My grandparents first took me to the Bolshoi Saint Petersburg State Circus when I was five or six. I remember the heavy doors, the marble staircase, the scent of fresh sawdust, the red velvet of the seats and the hush that falls around the arena as the drumroll rocks the house.
It was pure magic. As the live orchestra took their first note and the curtain lifted, giddy kids slid to the edge of their seats to watch riders do death-defying tricks on galloping horses and equilibrists rise all to the way to the top of the dome. As the show progressed, clowns do silly, but also awe-inspiring tricks, and acrobats defied gravity.
Back then, dad and I would be the first to start clapping and soon the entire arena would erupt in applause. It was almost just as fun as the circus itself.
Over the years, I brought here my foreign and local friends, who appreciated the historic building and the pure mastery of the performers. To them, it was (and is) as much of what makes St. Petersburg an imperial capital as palaces and museums, with a nod, perhaps, to their own inner child.
Saint Petersburg State Circus first opened its doors on December 26, 1877 and was the first stationary brick-and-mortar circus in Russia. The mastermind behind it was Gaetano Ciniselli, an Italian citizen and head of a large circus family.
The building was constructed using the latest technologies of the time and featured a dome unsupported by columns that spanned 49.7 meters. The ruffled dome design was later used in various buildings. The inside was decked out with all the glory of a famous European circus complete with red velvet, gold and mirrors. The total capacity was up to 5,000 guests. Some of the artifacts from those times are now part of the circus museum, just off the main hall.
When I took my little son to the Circus for the first time this winter, I couldn’t help but compare it to the shows put up by Cirque du Soleil and other spectacular companies of our time. But this place is not like that, and it wouldn’t be a fair comparison. Noone plunges into water to psychedelic music, and the scenery, even with all its gold and velvet, is far from a technological wonder.

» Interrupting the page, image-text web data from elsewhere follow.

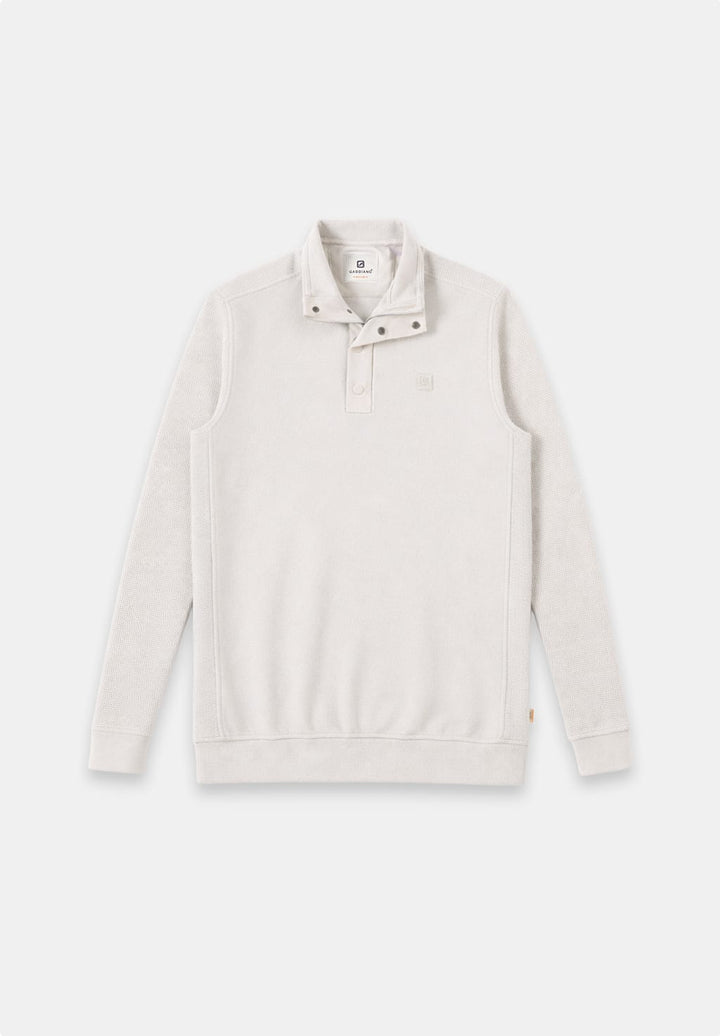 Gabbiano men sweater highcollar kit – heren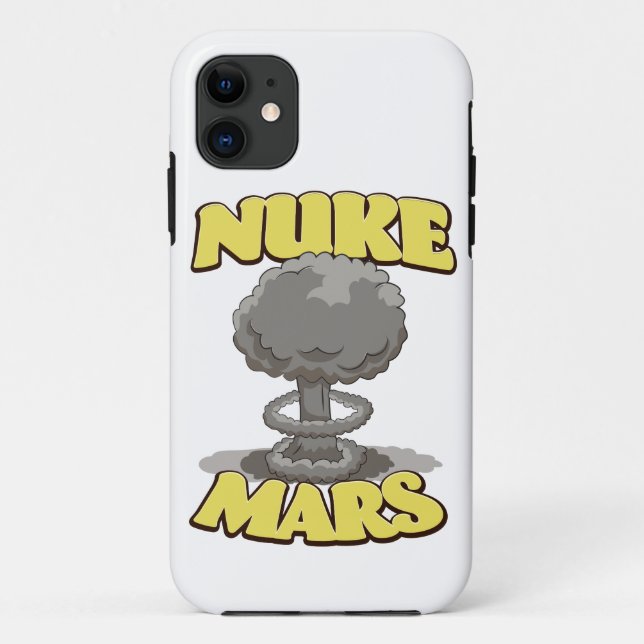 Mars Case-Mate iPhone Hülle (Rückseite)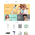 Magento e-shop šablona na téma Krása č. 61418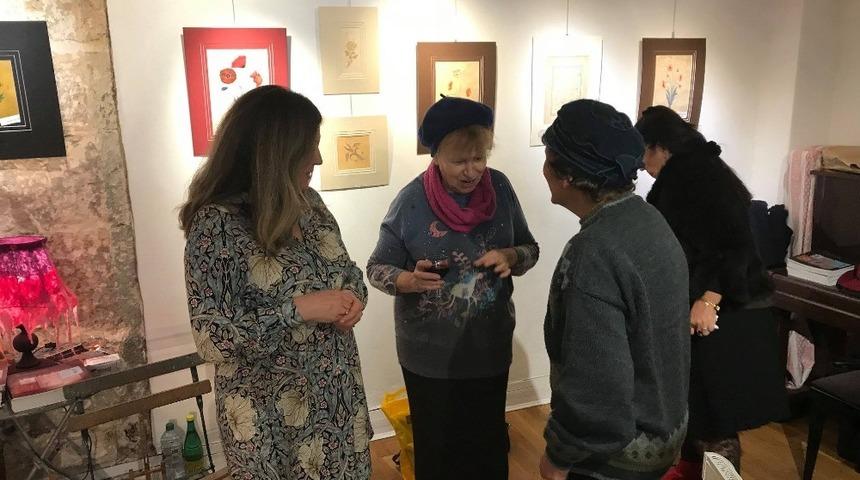 Do&ccedil;. Doğru&rsquo;nun eserleri Paris&rsquo;te sergilendi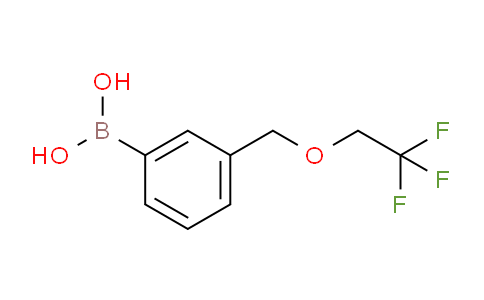 (3-((2,2,2-Trifluoroethoxy)methyl)phenyl)boronic acid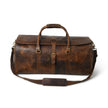 The Bolton Flap Duffel- Brown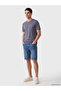 Nevavm Regular Fit Thin Fabric T-Shirt with Difference /03 - 2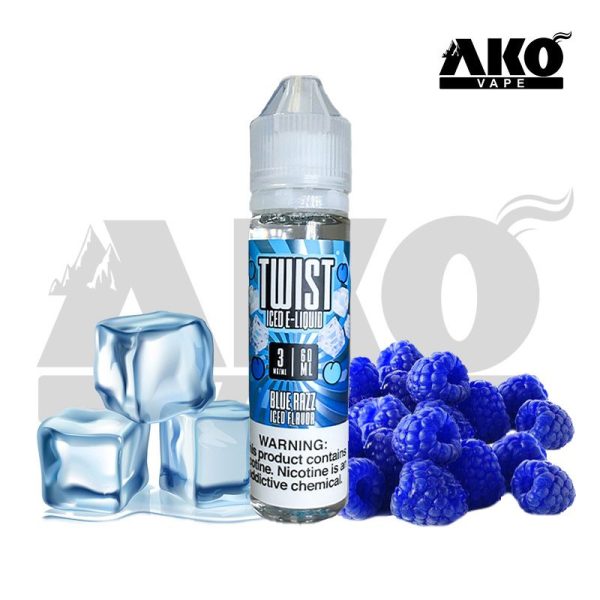 جویس تمشک آبی یخ تویست TWIST Blue Razz Iced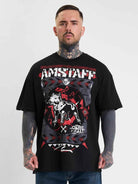 Amstaff Marouk T-Shirt Black - Amstaff Wear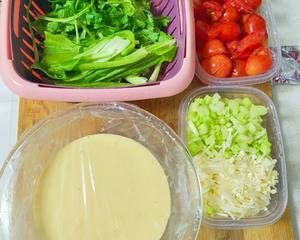 快手早餐👉🏻西红柿面鱼汤（营养美味的疙瘩汤新吃法）的做法 步骤6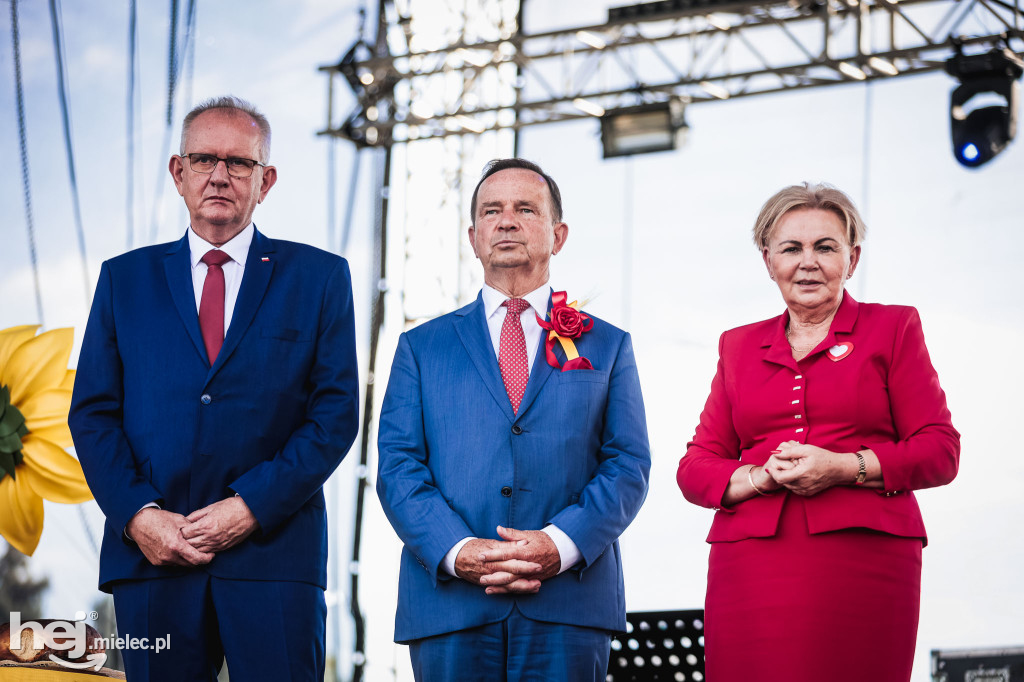 Dożynki Powiatu Mieleckiego
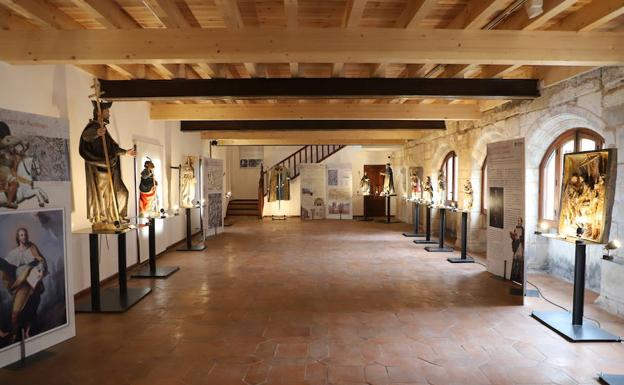 El Museo del Retablo recibe a más de 10.000 visitantes desde la ampliación de su espacio expositivo 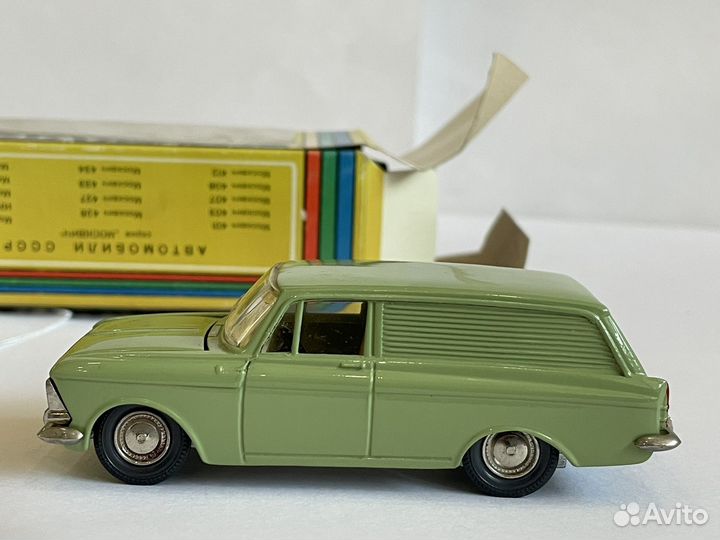 Москвич 433 А5 без ми, редкии цвет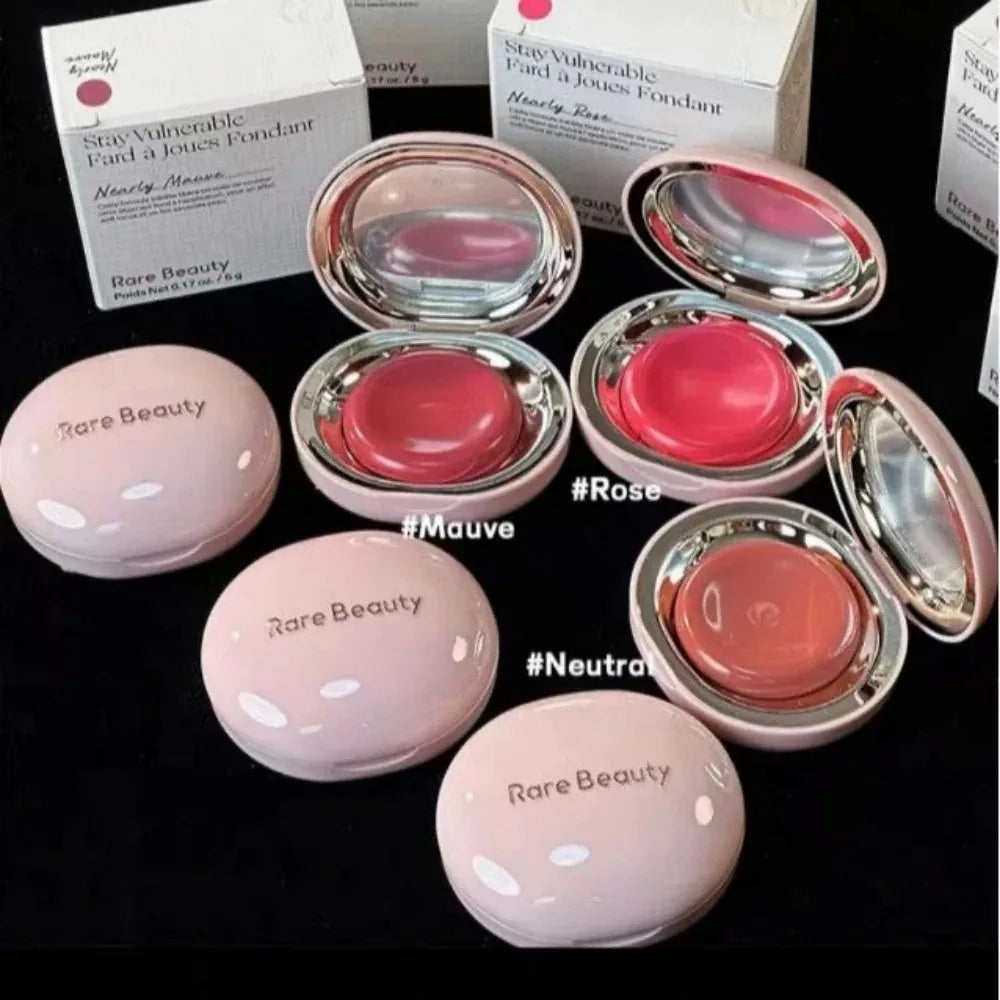 Rare Beauty Liquid Blush, Shimmer Powder & Highlighter Set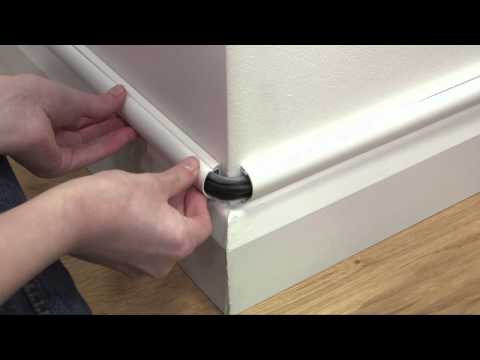 D-Line Half Round Clip Over External Bend - How-to Installation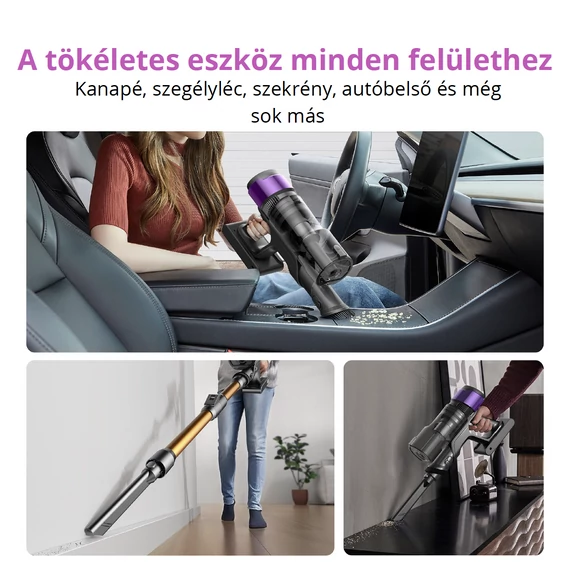 Ultenic U20 Vezeték Nélküli Porszívó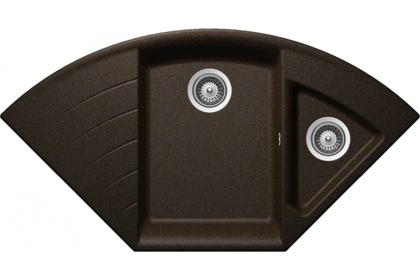 SCHOCK zlewozmywak LOTUS C-150 Bronze CRISTADUR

What blew my mind was that five acts in the show we were watching were performed by families, with several generations of circus performers sharing the stage. These acts have serious roots. The quick-change performance was originally done by the grandparents of the couple performing their take on it for us. In a bicycle act, which at first I thought was going to be lame, four generations built a human pyramid with incredible skill and grace. Their commitment to their mastery and the delight of the audience is hard to find elsewhere.
This is an old-school circus, in an old-school building, with “clown noses” and cotton candy on sale in the lobby. Kids dance to a guy playing the trumpet during intermission. Seats are still red velvet, but more comfortable. And the hush still falls over the place with the first drumroll.